** PROVIDED ENTRIES **

+++

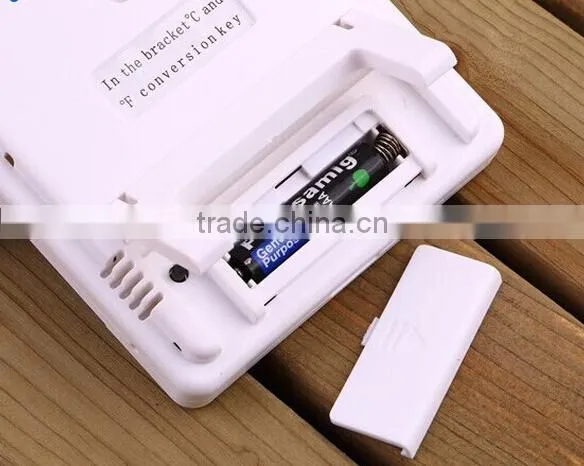 HTC-2, Outdoor and Indoor Used Humidity and Temperature Meter With Probe and Clock photo-4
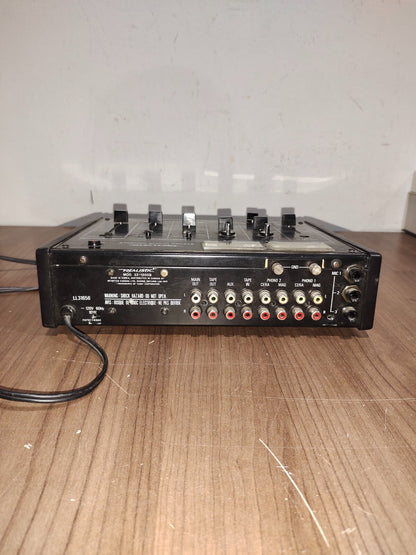 Realistic 32-1200B Stereo Mixing Console 5-Ch 3-Mic 2-Stereo Aux/Phono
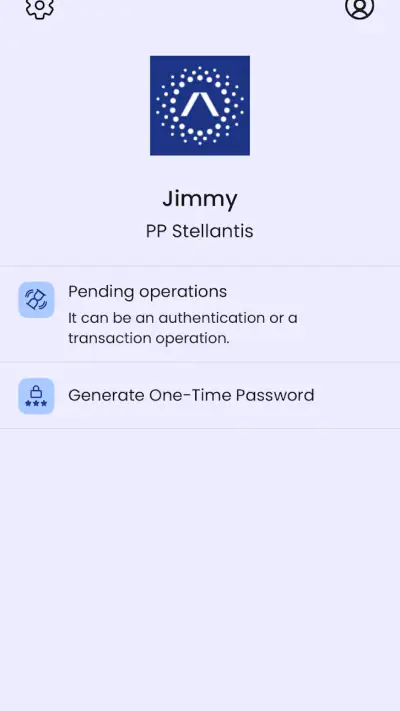 Stellantis Authenticator screenshot 1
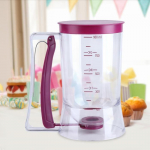 Tasse de mesure - Cuisine - 900 ml - Plastique r&eacute;sistant &agrave; la chaleur - Transparent - 1 pi&egrave;ce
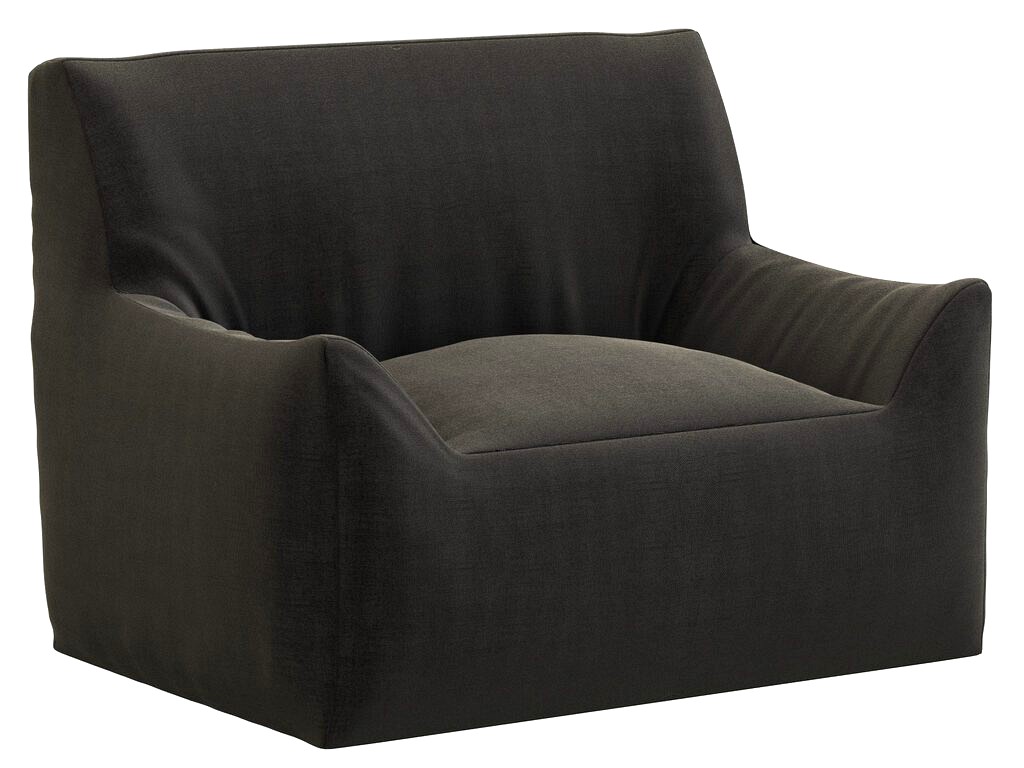 RH Teen Berlin Lounge Canvas armchair (22406)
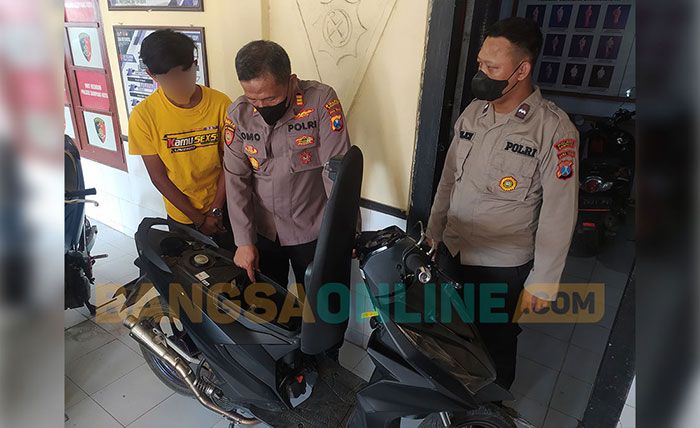 Satu Motor yang Terjaring Razia Balap Liar di Sampang Sudah Dipasang Alat Penambah Tenaga Satu Motor yang Terjaring Razia Balap Liar di Sampang Sudah Dipasang Alat Penambah Tenaga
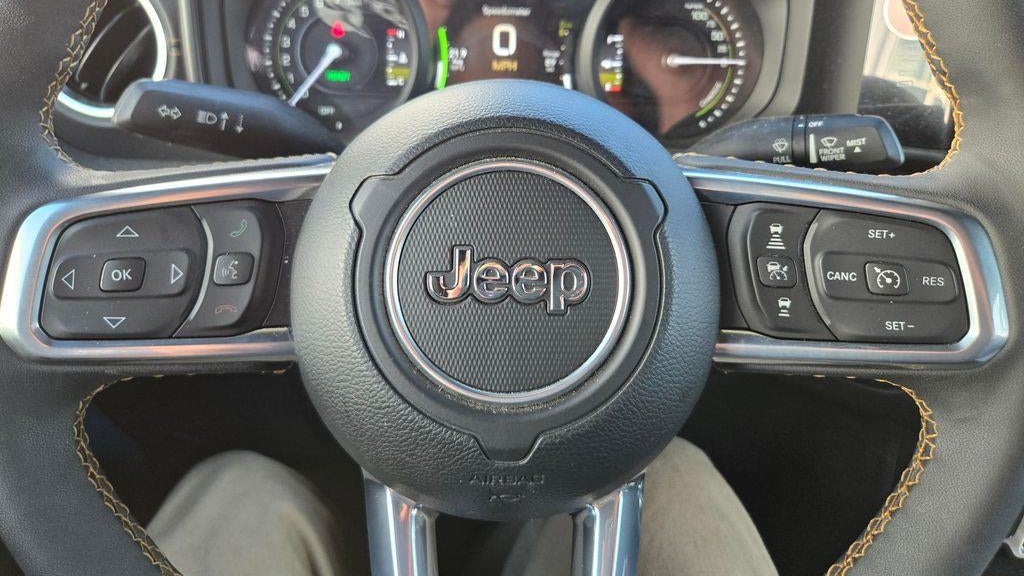 2024 Jeep Wrangler Sahara 4xe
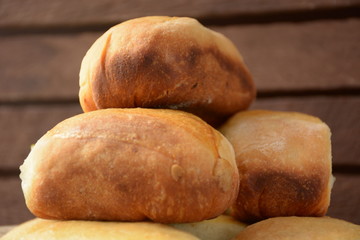 close up pies with cabbage 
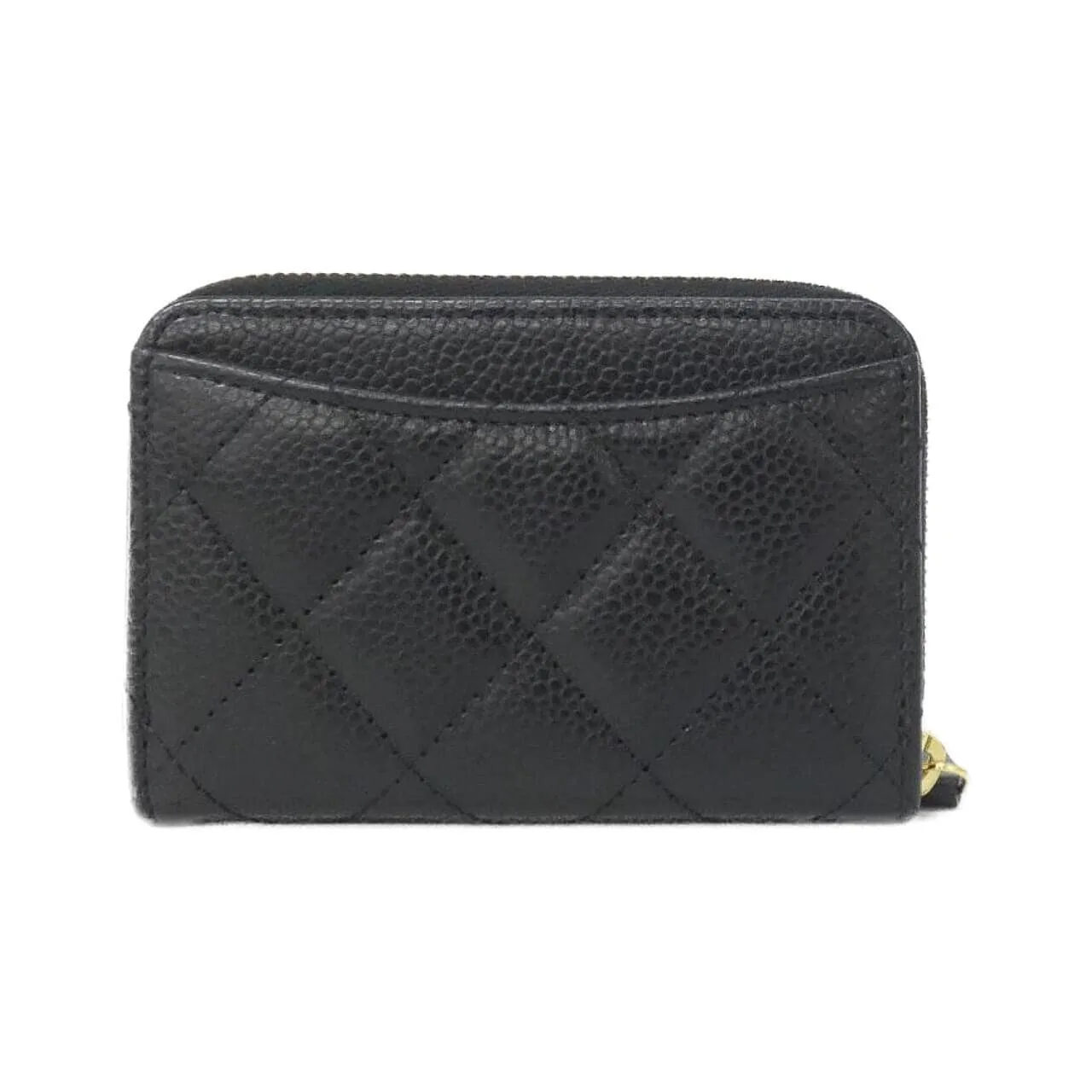 CHANEL Timeless Classic AP0216 Coin Case Grained Calfskin Black Grained Calfskin Unused - Thumbnail 2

+++

** WHAT THE TASK REQUIRES **
The entries above should be reproduced exactly, without their pictures.

** THE ANSWER **
 HTC-2, Outdoor and Indoor Used Humidity and Temperature Meter With Probe and Clock photo-4
 Realistic 32-1200B Stereo Mixing Console 5-Ch 3-Mic 2-Stereo Aux/Phono
 Stellantis Authenticator screenshot 1
 Tasse de mesure - Cuisine - 900 ml - Plastique r&eacute;sistant &agrave; la chaleur - Transparent - 1 pi&egrave;ce
 RH Teen Berlin Lounge Canvas armchair (22406)
 Satu Motor yang Terjaring Razia Balap Liar di Sampang Sudah Dipasang Alat Penambah Tenaga Satu Motor yang Terjaring Razia Balap Liar di Sampang Sudah Dipasang Alat Penambah Tenaga
 2024 Jeep Wrangler Sahara 4xe
 close up pies with cabbage 
 CHANEL Timeless Classic AP0216 Coin Case Grained Calfskin Black Grained Calfskin Unused - Thumbnail 2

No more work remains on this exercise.